** TASK OBJECTIVE **
Transcribe, starting at the line with "11925 Greengate Dr — Photo 18" and ending at the line with "206 Lee Road", every line of the material below exactly, but leave out the pictures and anything outside that span.

+++ EXERCISE MATERIALS +++

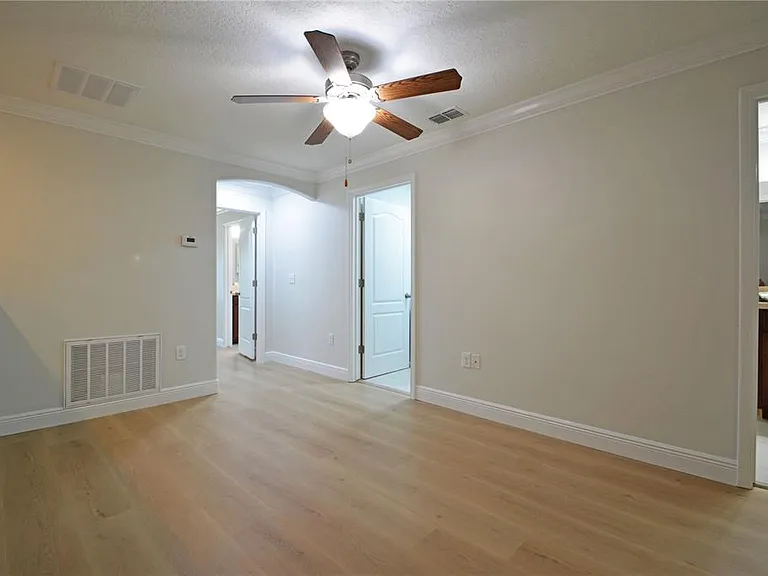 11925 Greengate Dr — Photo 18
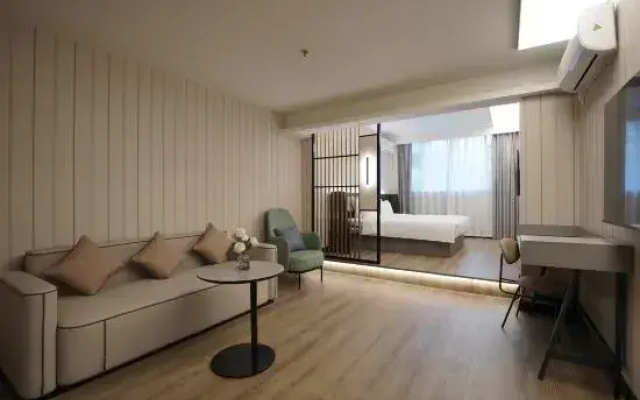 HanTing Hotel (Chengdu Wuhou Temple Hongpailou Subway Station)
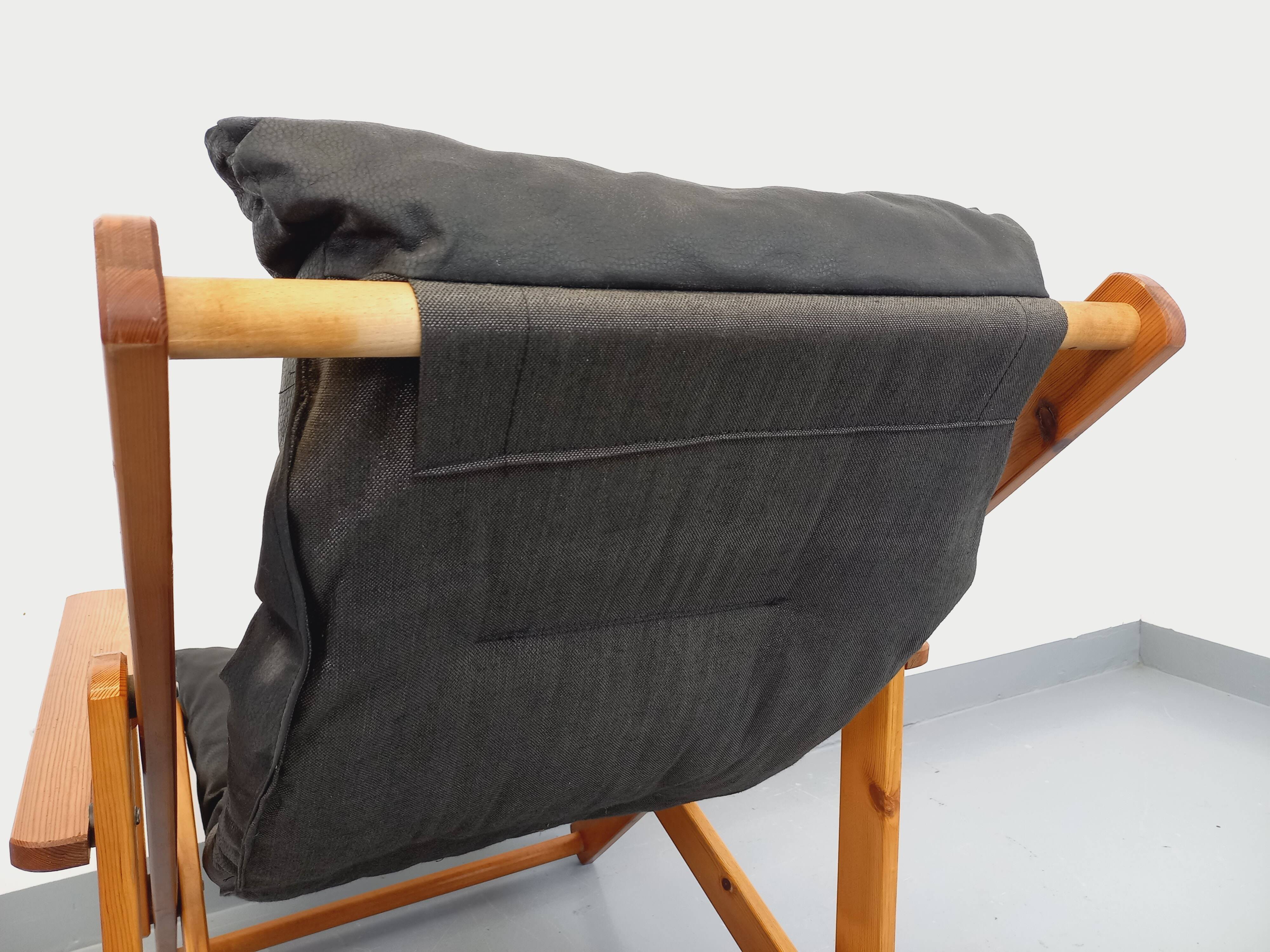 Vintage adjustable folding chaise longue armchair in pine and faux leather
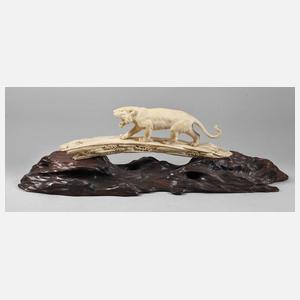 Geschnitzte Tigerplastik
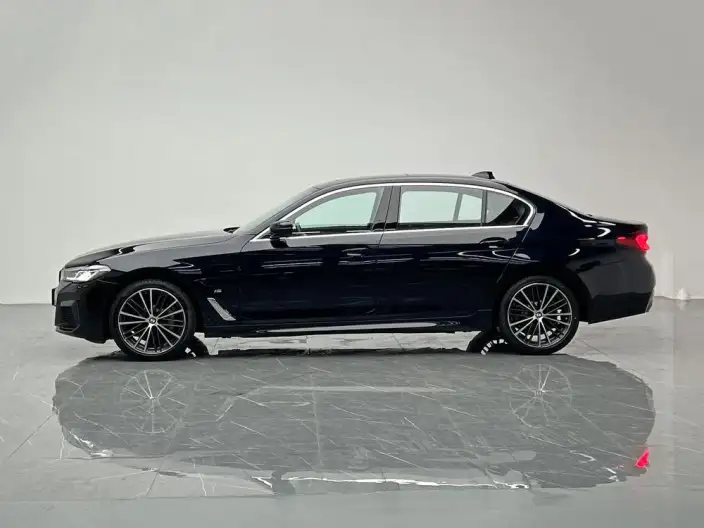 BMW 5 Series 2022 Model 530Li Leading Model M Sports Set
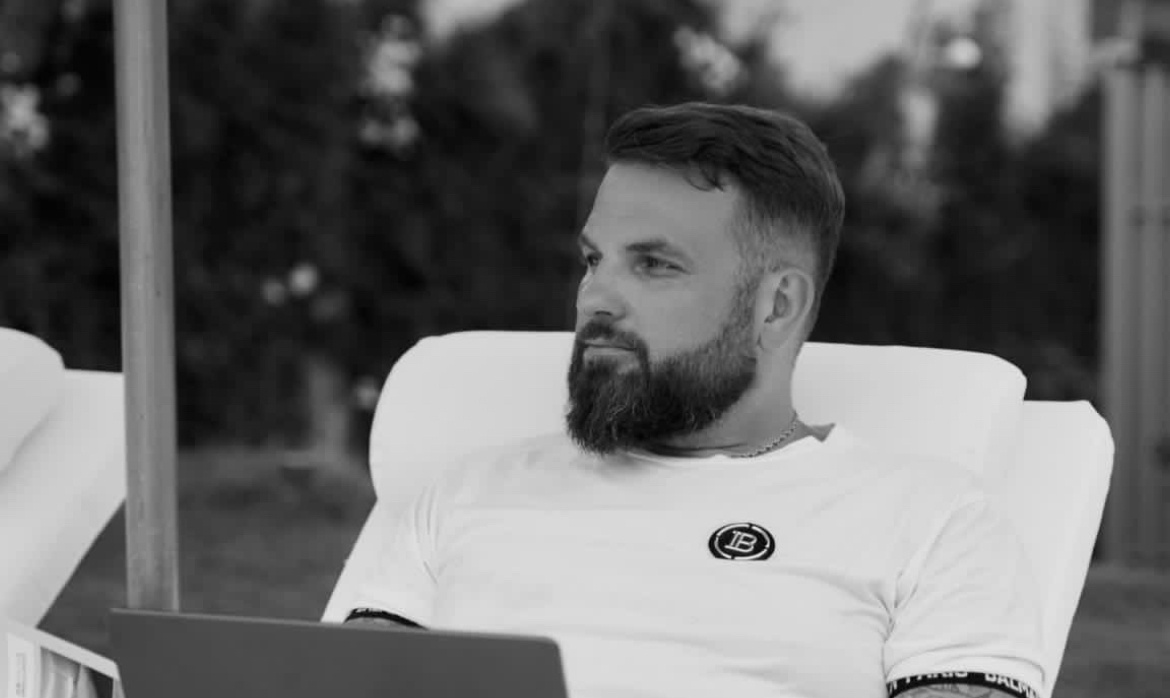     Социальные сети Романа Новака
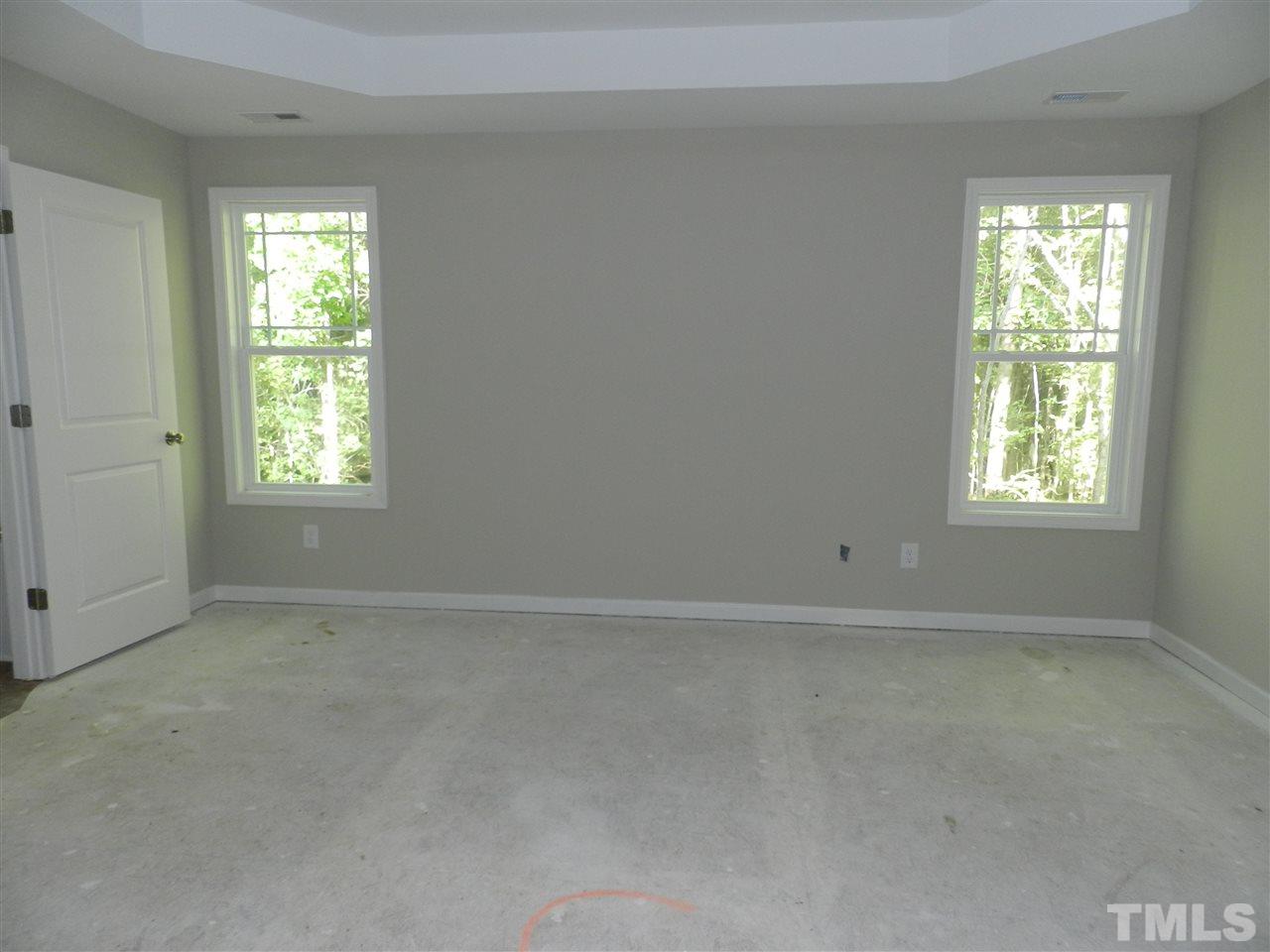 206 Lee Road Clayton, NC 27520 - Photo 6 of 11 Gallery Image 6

+++
+++ EXERCISE MATERIALS +++

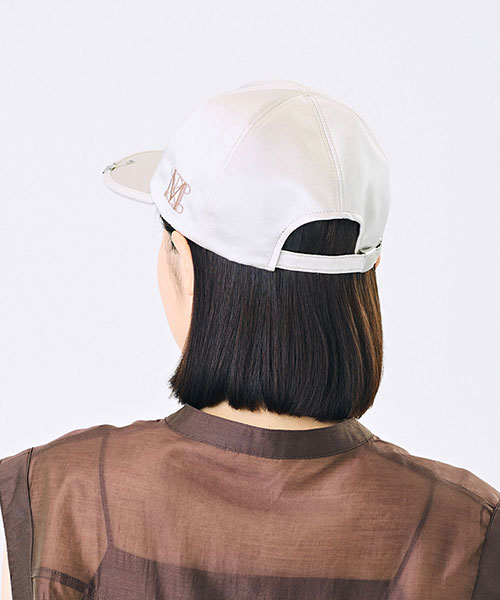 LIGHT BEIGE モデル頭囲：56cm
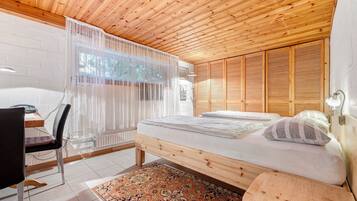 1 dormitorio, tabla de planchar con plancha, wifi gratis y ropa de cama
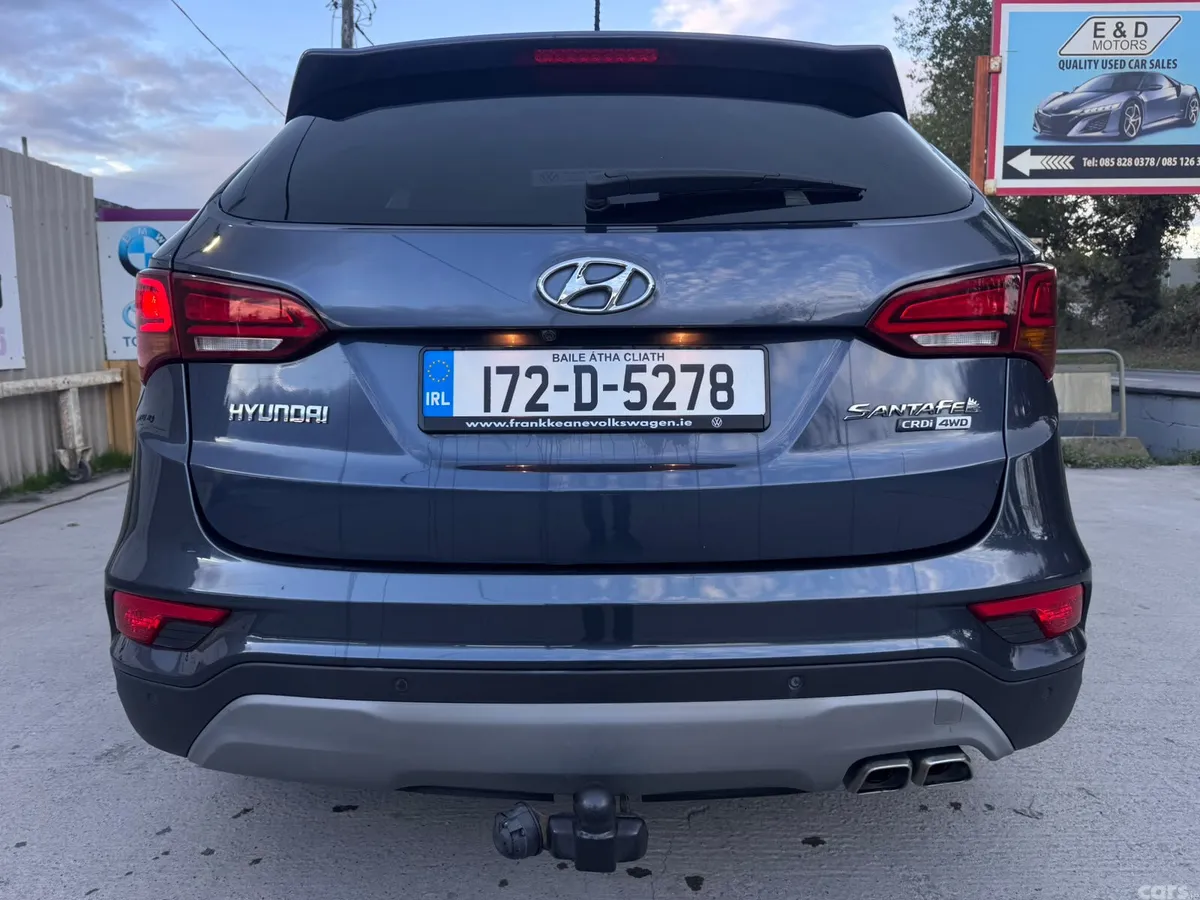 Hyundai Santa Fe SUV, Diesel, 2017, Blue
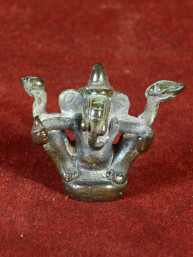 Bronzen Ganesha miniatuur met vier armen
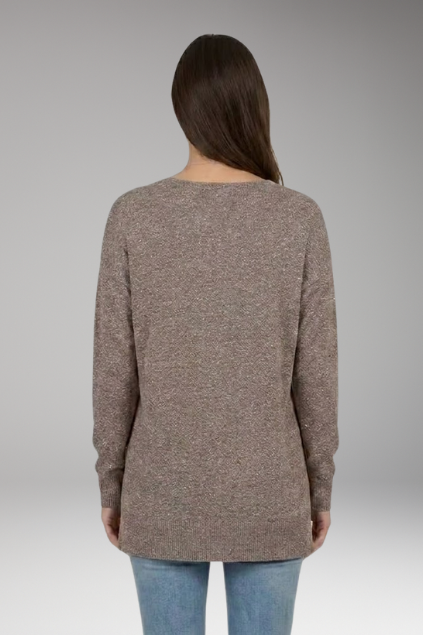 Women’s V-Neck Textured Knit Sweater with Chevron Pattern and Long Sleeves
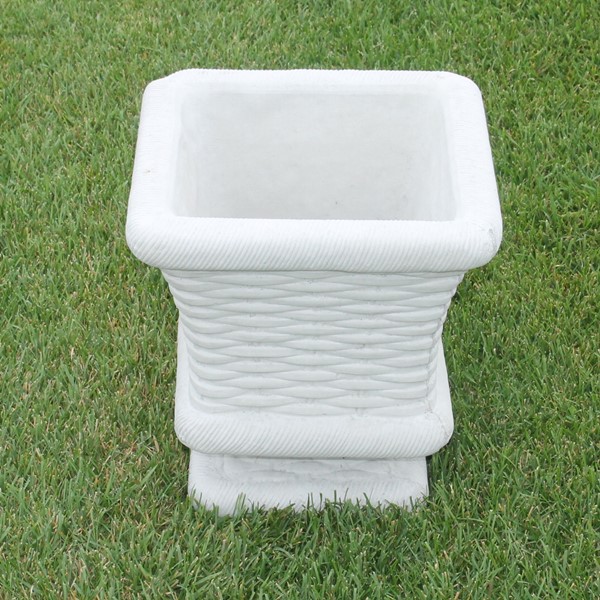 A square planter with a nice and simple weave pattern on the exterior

+++
+++ EXERCISE MATERIALS +++

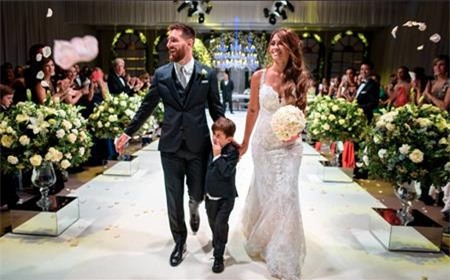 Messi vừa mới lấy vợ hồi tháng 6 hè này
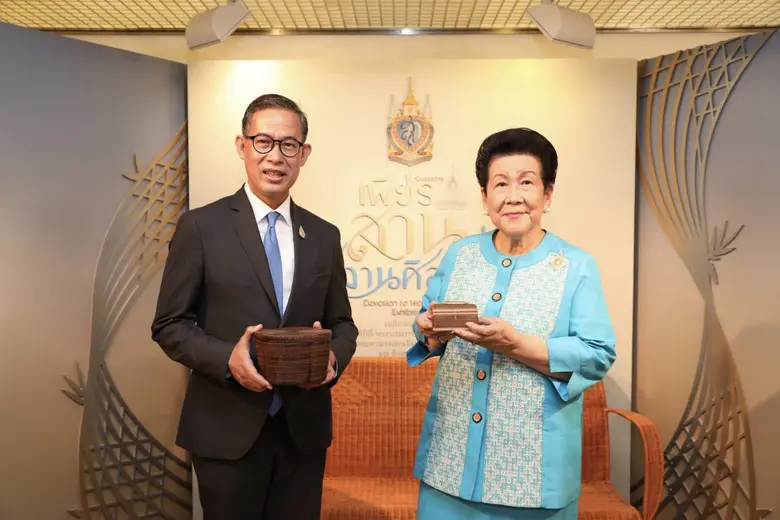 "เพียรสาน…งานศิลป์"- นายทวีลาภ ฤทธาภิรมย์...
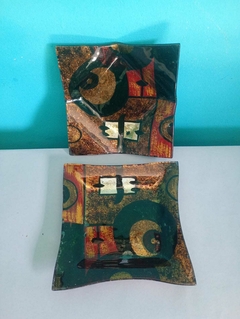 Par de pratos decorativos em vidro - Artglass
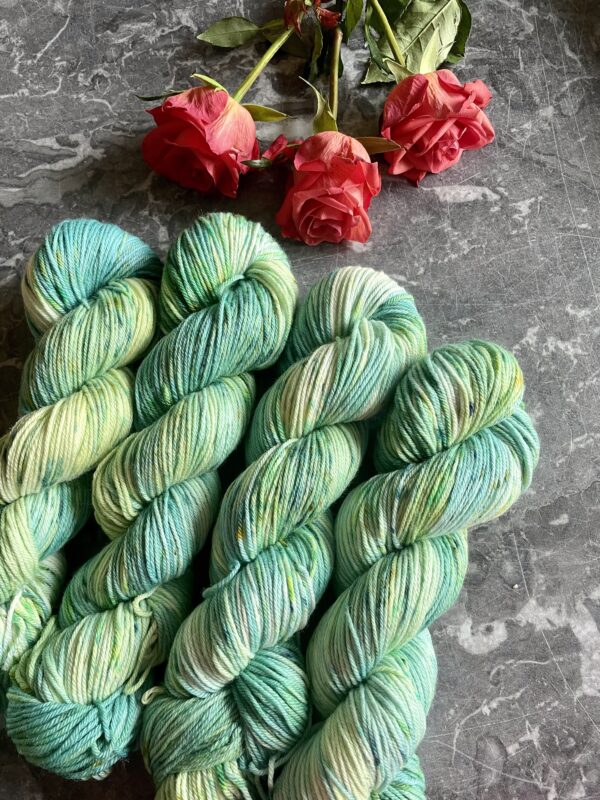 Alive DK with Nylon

+++

** PROBLEM SOLUTION **
 11925 Greengate Dr — Photo 18
 HanTing Hotel (Chengdu Wuhou Temple Hongpailou Subway Station)
 Vintage adjustable folding chaise longue armchair in pine and faux leather
 Geschnitzte Tigerplastik
 BMW 5 Series 2022 Model 530Li Leading Model M Sports Set
     Социальные сети Романа Новака
 206 Lee Road Clayton, NC 27520 - Photo 6 of 11 Gallery Image 6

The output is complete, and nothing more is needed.